Thanks for your help.

Sorry, I cannot; I know next to nothing about Snowflake. I’d try some Google searches and then Snowflake community forums.

Since you are already writing to a BINARY column, you should be able to first compress the data, then base64 encode it using Base64.encode(GZip.compress($CONTENT))

Just FYI - based on Snowflake documentation, the BINARY/VARBINARY data type maximum length is 8MB, not 16MB. Hopefully the compression helps!

@koryknick

Hi Kory,

Thank you for responding. Somehow the compression doesn’t seem to work or doesn’t compress enough. I still get this error from Snaplogic/Snowflake:

Reason:
Snap errors: {ruuid=2fd41aae-8fe9-4d66-88ed-7ea0892d0fc3, label=Snowflake - Bulk Upsert, failure=Error creating or writing input data to the temp table “BWDOCS”.MERGE_TEMP_TABLE_8b8d9379_6356_4a04_bd1f_8352839a952d, reason=Max LOB size (16777216) exceeded, actual size of parsed column is 111438132
File ‘@~/INPUTVIEW/f39bd9bb-a877-4583-b9a0-5ea6cb9aa5f7/snowflakebuklload_data_31dd64d1-8f88-45f2-863e-68563a3eb9cb.tmp.gz’, line 1, character 111438138
Row 1, column “MERGE_TEMP_TABLE_8B8D9379_6356_4A04_BD1F_8352839A952D”["$2":2]

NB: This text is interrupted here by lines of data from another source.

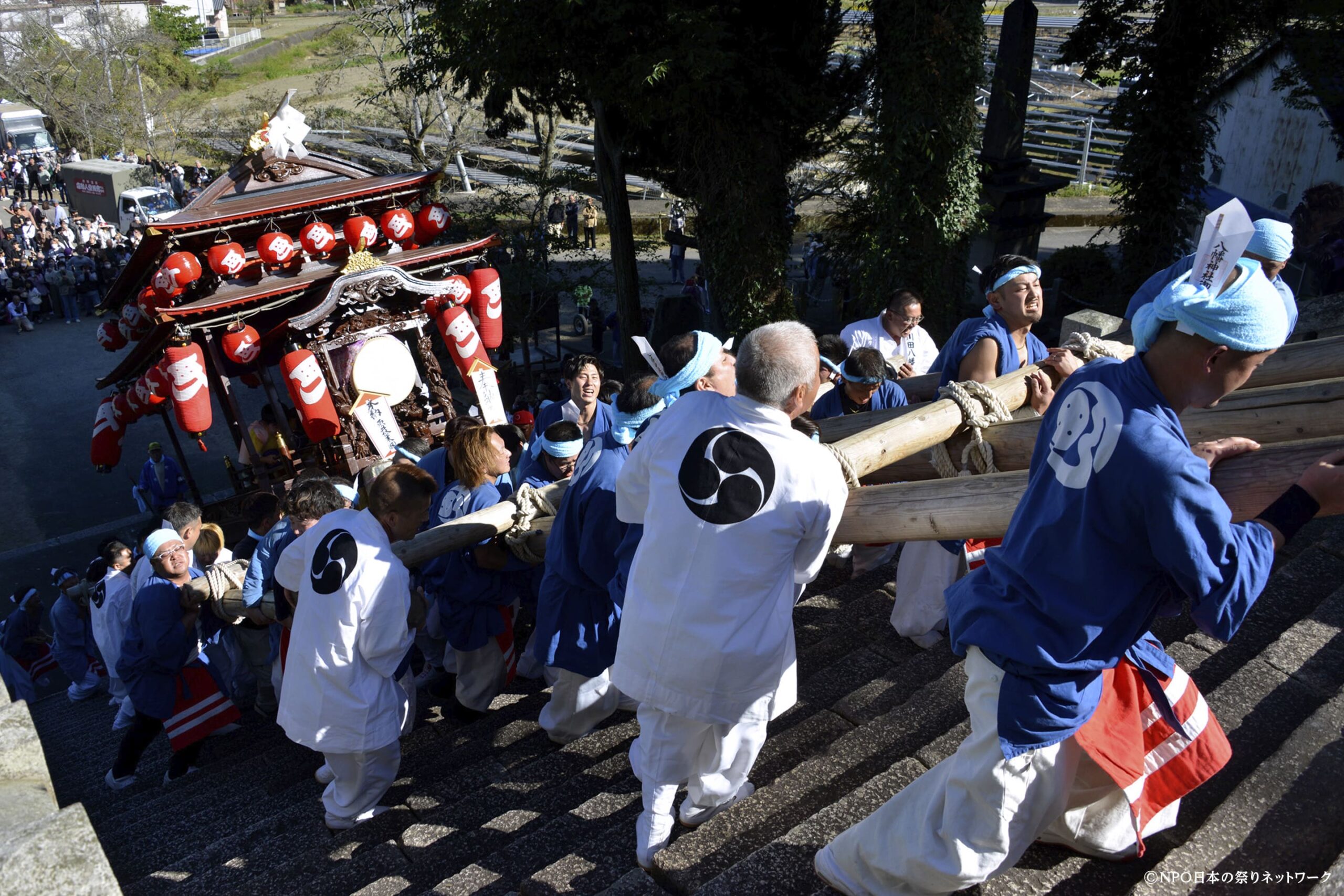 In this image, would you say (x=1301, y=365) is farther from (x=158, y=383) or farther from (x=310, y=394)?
(x=158, y=383)

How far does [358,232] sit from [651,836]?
27.8 feet

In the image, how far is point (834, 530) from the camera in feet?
10.1

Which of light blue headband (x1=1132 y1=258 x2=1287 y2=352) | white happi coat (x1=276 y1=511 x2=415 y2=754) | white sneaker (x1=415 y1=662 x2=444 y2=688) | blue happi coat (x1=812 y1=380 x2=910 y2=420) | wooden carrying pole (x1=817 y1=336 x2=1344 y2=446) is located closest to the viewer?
light blue headband (x1=1132 y1=258 x2=1287 y2=352)

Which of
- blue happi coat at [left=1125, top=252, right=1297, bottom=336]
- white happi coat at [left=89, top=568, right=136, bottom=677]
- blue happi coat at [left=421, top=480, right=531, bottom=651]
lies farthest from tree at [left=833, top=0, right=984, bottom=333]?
white happi coat at [left=89, top=568, right=136, bottom=677]

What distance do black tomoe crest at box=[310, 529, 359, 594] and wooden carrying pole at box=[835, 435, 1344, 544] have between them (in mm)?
1930

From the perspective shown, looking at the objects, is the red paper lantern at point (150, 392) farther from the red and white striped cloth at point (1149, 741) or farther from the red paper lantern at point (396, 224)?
the red and white striped cloth at point (1149, 741)

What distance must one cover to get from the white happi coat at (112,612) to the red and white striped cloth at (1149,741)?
4.95 metres

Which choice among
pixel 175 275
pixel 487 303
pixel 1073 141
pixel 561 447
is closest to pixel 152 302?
pixel 175 275

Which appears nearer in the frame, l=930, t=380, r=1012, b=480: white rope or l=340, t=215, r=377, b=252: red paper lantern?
l=930, t=380, r=1012, b=480: white rope

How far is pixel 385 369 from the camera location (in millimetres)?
10070

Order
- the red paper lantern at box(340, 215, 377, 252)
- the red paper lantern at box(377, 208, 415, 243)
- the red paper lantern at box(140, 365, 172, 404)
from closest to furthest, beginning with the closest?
the red paper lantern at box(140, 365, 172, 404), the red paper lantern at box(340, 215, 377, 252), the red paper lantern at box(377, 208, 415, 243)

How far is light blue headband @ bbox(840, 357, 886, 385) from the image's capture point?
5.04 metres

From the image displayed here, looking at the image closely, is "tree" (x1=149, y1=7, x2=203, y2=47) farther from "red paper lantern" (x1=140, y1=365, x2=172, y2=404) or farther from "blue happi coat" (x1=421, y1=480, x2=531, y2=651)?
"blue happi coat" (x1=421, y1=480, x2=531, y2=651)

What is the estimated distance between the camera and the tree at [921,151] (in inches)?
380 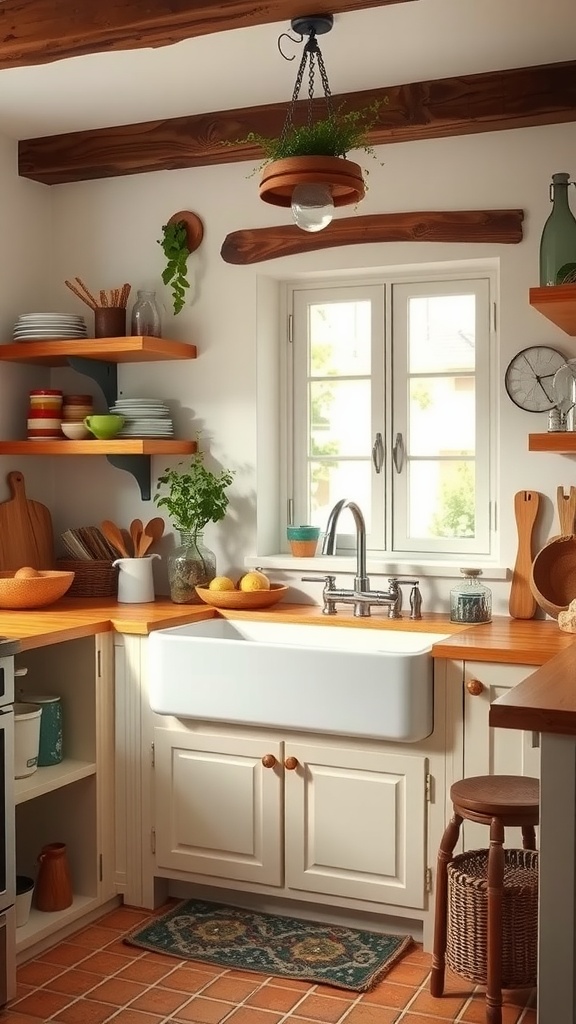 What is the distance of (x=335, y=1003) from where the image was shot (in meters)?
2.95

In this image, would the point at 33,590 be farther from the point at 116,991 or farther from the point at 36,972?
the point at 116,991

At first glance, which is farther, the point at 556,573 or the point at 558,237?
the point at 556,573

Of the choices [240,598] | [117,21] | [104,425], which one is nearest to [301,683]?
[240,598]

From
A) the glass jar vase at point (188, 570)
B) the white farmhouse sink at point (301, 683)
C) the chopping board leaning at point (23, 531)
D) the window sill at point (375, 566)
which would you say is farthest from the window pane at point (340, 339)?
the chopping board leaning at point (23, 531)

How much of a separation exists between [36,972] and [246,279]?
2.36 meters

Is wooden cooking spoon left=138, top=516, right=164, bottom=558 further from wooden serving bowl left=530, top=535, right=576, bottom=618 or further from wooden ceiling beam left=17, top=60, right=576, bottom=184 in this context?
wooden serving bowl left=530, top=535, right=576, bottom=618

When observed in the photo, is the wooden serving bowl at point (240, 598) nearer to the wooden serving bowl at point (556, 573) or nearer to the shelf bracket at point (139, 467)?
the shelf bracket at point (139, 467)

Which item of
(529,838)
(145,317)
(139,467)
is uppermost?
(145,317)

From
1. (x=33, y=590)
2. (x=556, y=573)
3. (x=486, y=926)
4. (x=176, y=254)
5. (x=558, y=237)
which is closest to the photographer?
(x=486, y=926)

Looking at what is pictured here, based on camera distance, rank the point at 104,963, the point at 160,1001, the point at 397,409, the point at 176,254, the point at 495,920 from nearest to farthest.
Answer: the point at 495,920 → the point at 160,1001 → the point at 104,963 → the point at 397,409 → the point at 176,254

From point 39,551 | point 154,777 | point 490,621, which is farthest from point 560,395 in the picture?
point 39,551

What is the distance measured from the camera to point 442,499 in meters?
4.00

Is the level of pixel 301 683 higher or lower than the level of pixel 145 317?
lower

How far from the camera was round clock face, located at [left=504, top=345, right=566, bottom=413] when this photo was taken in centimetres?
364
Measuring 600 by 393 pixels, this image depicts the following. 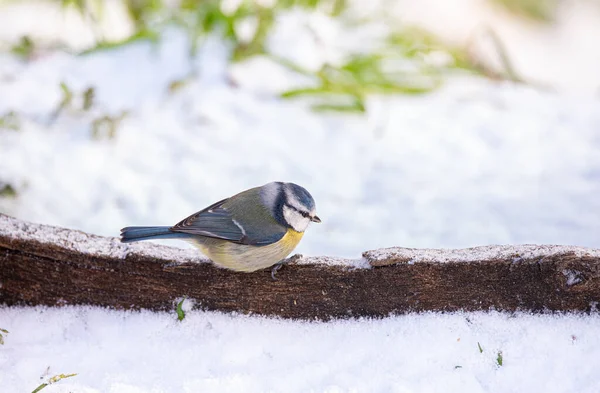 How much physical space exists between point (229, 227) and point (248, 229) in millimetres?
63

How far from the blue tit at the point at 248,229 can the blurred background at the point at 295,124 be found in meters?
0.69

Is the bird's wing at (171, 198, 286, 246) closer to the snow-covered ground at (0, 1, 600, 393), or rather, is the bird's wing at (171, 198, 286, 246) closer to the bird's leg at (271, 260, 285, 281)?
the bird's leg at (271, 260, 285, 281)

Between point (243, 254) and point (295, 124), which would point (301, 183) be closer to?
point (295, 124)

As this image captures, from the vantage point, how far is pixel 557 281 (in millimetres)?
2025

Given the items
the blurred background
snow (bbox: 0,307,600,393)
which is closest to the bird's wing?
snow (bbox: 0,307,600,393)

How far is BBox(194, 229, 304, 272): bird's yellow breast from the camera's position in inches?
82.5

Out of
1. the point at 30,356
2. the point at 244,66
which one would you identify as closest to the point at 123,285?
the point at 30,356

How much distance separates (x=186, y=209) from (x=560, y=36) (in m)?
4.49

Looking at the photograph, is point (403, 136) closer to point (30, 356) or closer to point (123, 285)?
point (123, 285)

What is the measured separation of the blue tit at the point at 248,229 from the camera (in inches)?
82.7

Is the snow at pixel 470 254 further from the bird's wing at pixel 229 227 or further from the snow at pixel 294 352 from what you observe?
the bird's wing at pixel 229 227

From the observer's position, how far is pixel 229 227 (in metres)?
2.22

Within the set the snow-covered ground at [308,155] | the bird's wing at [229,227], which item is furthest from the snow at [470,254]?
the snow-covered ground at [308,155]

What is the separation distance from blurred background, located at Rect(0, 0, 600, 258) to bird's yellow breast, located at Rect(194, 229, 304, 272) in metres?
0.81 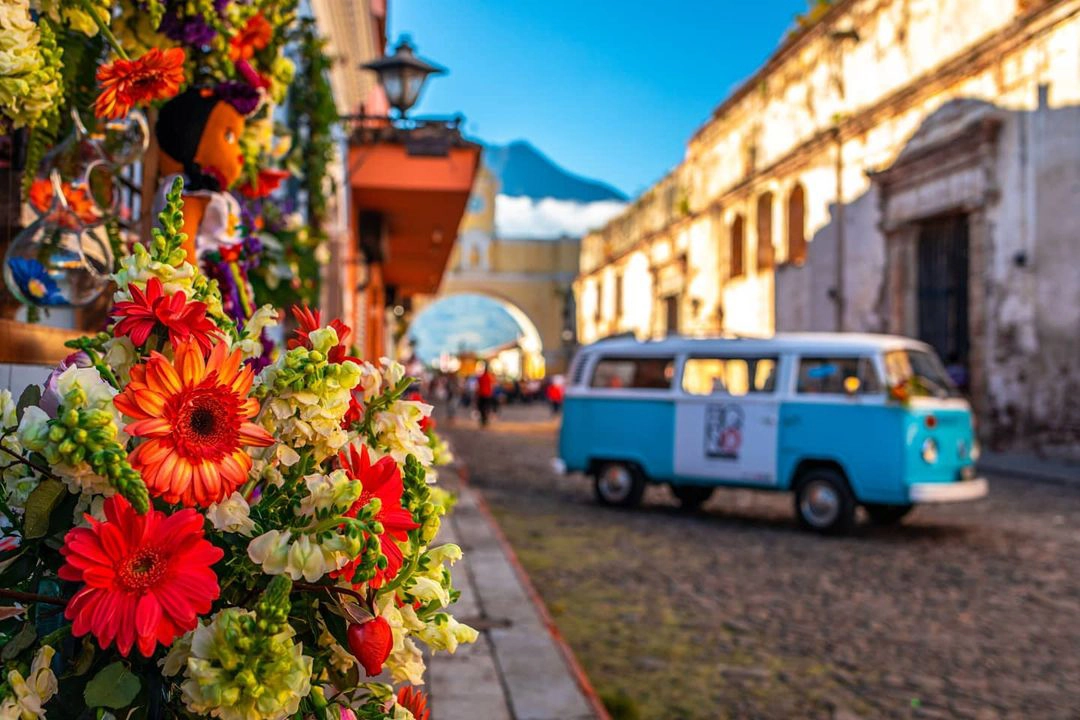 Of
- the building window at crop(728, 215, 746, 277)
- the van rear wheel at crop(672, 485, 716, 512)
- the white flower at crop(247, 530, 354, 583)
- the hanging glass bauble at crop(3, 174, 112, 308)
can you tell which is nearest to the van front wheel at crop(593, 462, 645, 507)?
the van rear wheel at crop(672, 485, 716, 512)

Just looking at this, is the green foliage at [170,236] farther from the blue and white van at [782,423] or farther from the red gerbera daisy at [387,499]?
the blue and white van at [782,423]

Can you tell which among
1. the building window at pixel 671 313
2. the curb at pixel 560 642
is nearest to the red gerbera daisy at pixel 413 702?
the curb at pixel 560 642

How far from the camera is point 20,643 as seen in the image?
1063mm

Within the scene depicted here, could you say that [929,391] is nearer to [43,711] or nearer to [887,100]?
[43,711]

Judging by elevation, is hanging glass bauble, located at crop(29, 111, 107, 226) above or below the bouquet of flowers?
above

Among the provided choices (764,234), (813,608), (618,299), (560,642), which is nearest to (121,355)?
(560,642)

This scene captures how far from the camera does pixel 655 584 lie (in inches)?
244

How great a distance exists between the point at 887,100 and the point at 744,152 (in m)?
6.81

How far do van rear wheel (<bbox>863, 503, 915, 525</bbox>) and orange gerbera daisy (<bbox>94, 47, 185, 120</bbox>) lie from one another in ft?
25.3

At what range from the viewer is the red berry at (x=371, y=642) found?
1133mm

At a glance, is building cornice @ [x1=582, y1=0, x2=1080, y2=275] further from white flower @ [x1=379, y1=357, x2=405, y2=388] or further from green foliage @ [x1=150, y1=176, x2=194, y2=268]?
green foliage @ [x1=150, y1=176, x2=194, y2=268]

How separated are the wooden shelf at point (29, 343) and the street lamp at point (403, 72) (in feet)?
21.7

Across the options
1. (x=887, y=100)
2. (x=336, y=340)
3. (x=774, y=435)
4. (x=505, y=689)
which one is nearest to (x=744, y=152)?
(x=887, y=100)

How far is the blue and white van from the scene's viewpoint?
7.91 m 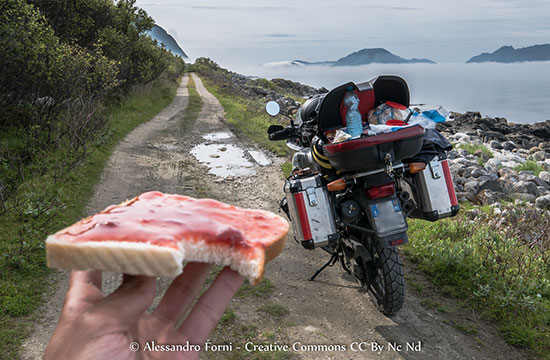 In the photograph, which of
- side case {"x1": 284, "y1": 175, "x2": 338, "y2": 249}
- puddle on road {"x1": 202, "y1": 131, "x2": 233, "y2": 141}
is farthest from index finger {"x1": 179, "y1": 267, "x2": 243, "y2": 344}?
puddle on road {"x1": 202, "y1": 131, "x2": 233, "y2": 141}

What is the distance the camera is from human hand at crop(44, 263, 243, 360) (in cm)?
149

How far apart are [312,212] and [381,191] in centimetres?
69

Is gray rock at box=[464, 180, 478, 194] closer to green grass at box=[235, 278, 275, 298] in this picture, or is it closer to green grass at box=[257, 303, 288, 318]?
green grass at box=[235, 278, 275, 298]

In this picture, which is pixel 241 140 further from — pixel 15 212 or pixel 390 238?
pixel 390 238

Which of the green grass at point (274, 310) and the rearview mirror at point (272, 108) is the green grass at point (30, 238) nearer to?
the green grass at point (274, 310)

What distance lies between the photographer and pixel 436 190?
4375mm

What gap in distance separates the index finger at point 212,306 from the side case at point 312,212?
8.17 feet

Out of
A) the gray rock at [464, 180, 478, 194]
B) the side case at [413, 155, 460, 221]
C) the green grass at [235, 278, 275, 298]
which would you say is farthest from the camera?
the gray rock at [464, 180, 478, 194]

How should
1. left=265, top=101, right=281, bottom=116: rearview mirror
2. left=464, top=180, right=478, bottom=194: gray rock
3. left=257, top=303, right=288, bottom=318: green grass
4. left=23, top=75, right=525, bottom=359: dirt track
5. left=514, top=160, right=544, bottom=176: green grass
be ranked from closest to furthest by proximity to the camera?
left=23, top=75, right=525, bottom=359: dirt track → left=257, top=303, right=288, bottom=318: green grass → left=265, top=101, right=281, bottom=116: rearview mirror → left=464, top=180, right=478, bottom=194: gray rock → left=514, top=160, right=544, bottom=176: green grass

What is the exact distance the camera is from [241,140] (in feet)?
44.9

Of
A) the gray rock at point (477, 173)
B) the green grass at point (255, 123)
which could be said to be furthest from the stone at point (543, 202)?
the green grass at point (255, 123)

Note the “Max LOB size” displayed in the error above. That is how I got the impression that 16 MB is the max size. Maybe, Snaplogic or Snowflake is displaying incorrect information.

Here is the mapper setting as you suggested:

Also, I tested Oracle’s internal compression utility (utl_compress) on a few rows and the compression ratio isn’t that impressive. Maybe, because binary data is already compressed enough or for whatever reason. This is my test result:

select dbms_lob.getlength(content) orig_blob_size, dbms_lob.getlength(utl_compress.lz_compress(content)) compress_blob_size
from <<table_name>>
where dbms_lob.getlength(content) > (1010241024)
and rownum < 11

ORIG_BLOB_SIZE	COMPRESS_BLOB_SIZE
83685170	83554366
10541235	10379628
17928157	17849033
220556537	220265485
15064844	10929200
96704516	80316259
15255342	15241613
15322232	15302694
17142022	17096265
20777303	20667900

As you can see, compressed size is almost the original size.

Thanks
Anand

I should probably have asked if you know what type of data is stored in that BLOB structure. When you try to compress data that is already compressed (e.g. image/audio/video), the compression won’t gain much and sometimes gets a bit bigger. So in this case, it appears that the data is likely already compressed.

You may need to find another storage model for this data outside Snowflake if it doesn’t fit in the max size field. As @ptaylor recommended, you should probably consult the Snowflake community for suggestions there.

Thanks Kory. We are exploring various other options with Snowflake cust support.